In civil engineering and structural engineering, serviceability refers to the conditions under which a building or road surface is still considered useful or acceptable. Should these limit states be exceeded, a structure that may still be structurally sound would nevertheless be considered unfit.

For buildings, it refers to conditions other than the building strength that render them unusable. Serviceability limit state design of structures includes factors such as durability, overall stability, fire resistance, deflection, cracking and excessive vibration. For example, a skyscraper could sway severely and cause the occupants to be sick (much like sea-sickness), yet be perfectly sound structurally. This building is in no danger of collapsing, yet since it is obviously no longer fit for human occupation, it is considered to have exceeded its serviceability limit state.

==Serviceability limit==
A serviceability limit defines the performance criterion for serviceability and corresponds to a conditions beyond which specified service requirements resulting from the planned use are no longer met.
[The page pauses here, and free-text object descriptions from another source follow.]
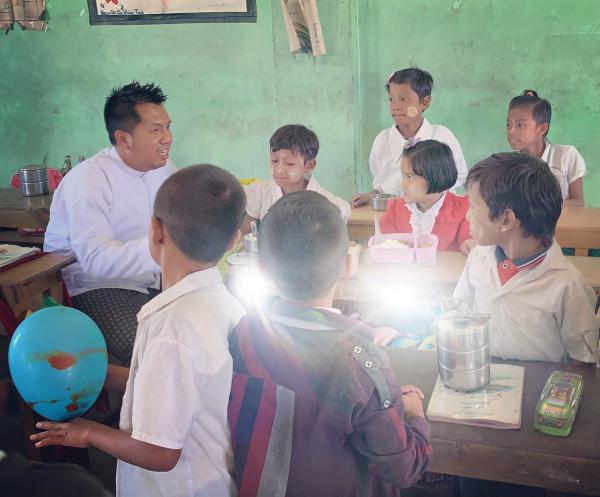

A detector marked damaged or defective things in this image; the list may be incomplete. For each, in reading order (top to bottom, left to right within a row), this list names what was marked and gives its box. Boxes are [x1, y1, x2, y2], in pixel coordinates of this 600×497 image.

green wall paint peeling [1, 0, 600, 205]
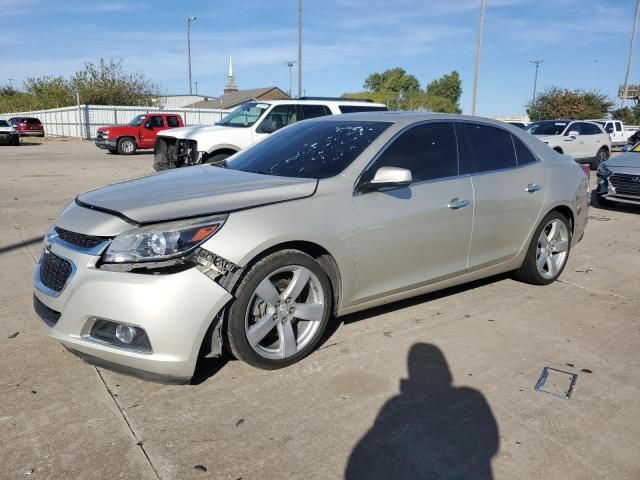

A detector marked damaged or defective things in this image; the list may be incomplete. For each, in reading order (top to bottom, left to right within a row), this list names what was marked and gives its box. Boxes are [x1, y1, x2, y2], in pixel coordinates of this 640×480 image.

pavement crack [94, 368, 161, 480]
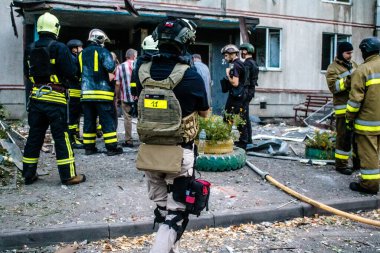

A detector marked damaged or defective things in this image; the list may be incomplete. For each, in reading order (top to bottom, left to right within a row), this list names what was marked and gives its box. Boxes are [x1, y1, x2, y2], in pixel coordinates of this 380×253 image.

broken window [251, 26, 280, 69]
broken window [320, 32, 350, 70]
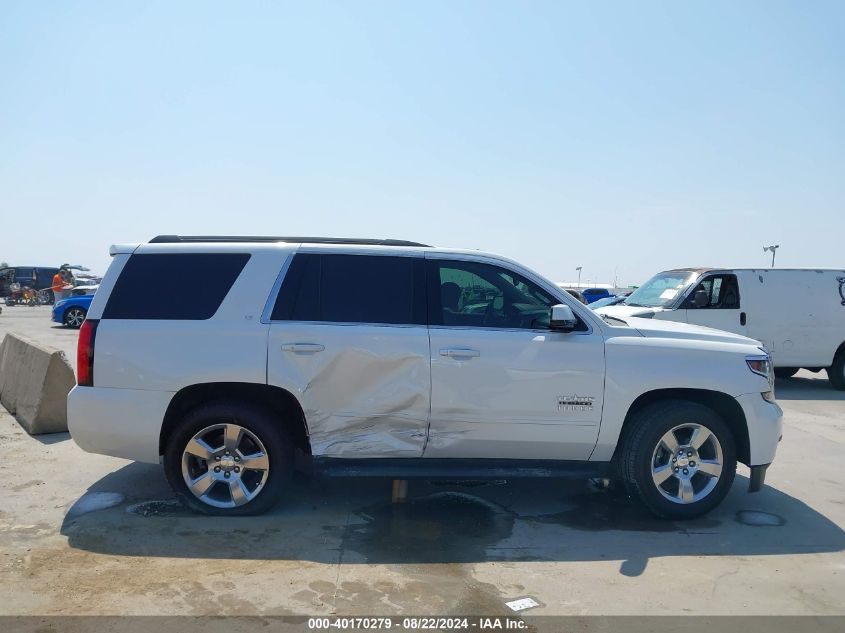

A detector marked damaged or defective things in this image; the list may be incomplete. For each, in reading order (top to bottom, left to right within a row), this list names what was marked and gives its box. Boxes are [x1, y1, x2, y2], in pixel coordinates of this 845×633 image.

damaged side panel [268, 324, 432, 456]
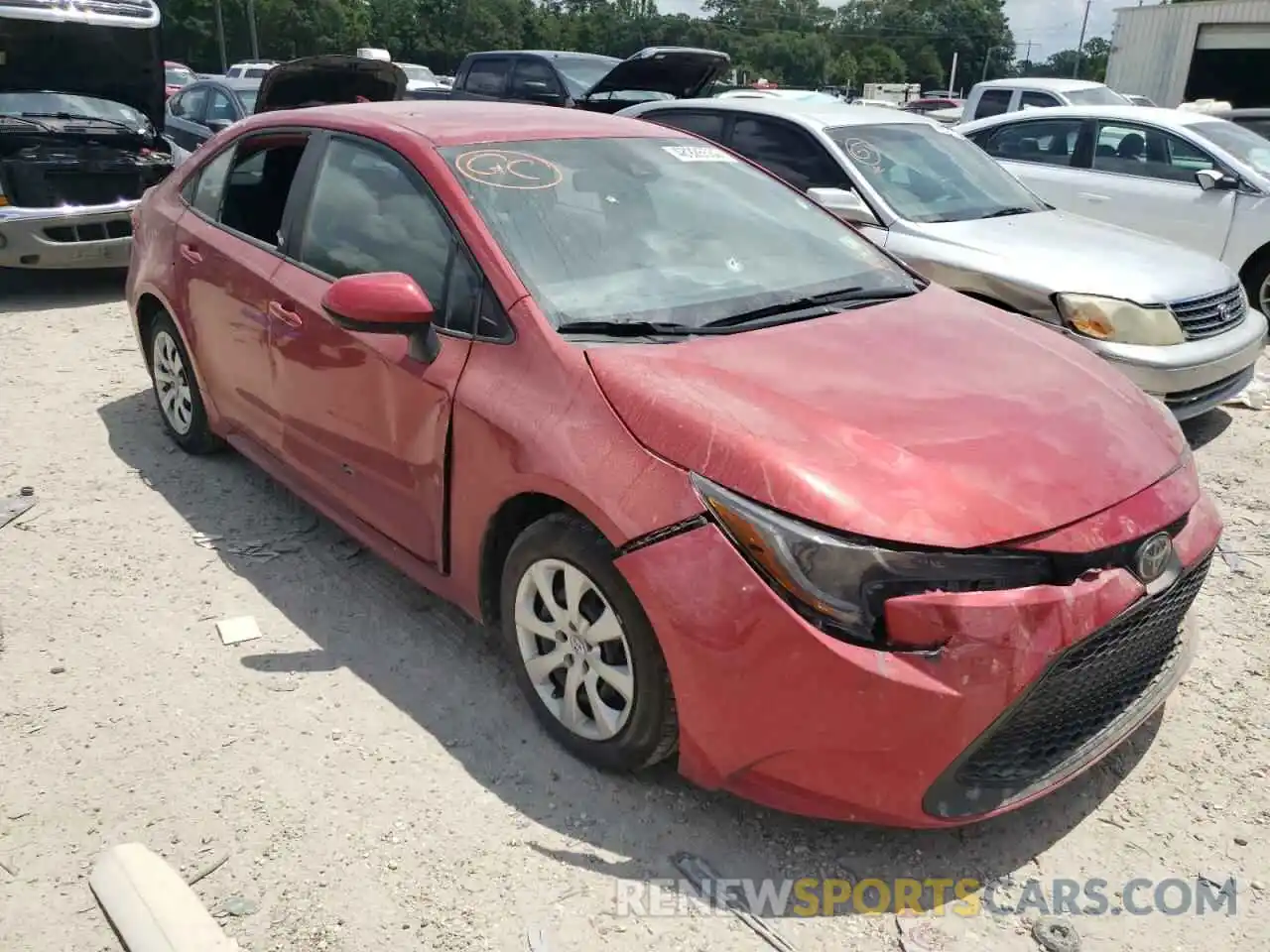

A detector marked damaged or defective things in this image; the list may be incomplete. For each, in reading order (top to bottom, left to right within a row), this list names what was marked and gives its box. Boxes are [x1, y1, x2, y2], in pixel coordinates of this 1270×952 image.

hood with dent [0, 16, 164, 127]
hood with dent [259, 54, 411, 112]
hood with dent [581, 47, 731, 102]
damaged front bumper [0, 198, 136, 270]
hood with dent [894, 207, 1239, 305]
damaged red car [126, 98, 1218, 827]
hood with dent [583, 283, 1189, 547]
In limit state design, a structure fails its serviceability if the criteria of the serviceability limit state are not met during the specified service life and with the required reliability. Hence, the serviceability limit state identifies a civil engineering structure which fails to meet technical requirements for use even though it may be strong enough to remain standing.
A structure that fails serviceability has exceeded a defined limit for one of the following properties:
- Excessive deflection
- Vibration
- Local deformation (engineering)
Serviceability limits are not always defined by building code developer, government or regulatory agency. Building codes tend to be restricted to ultimate limits related to public and occupant safety. Global geopolitical variations are likely to exist.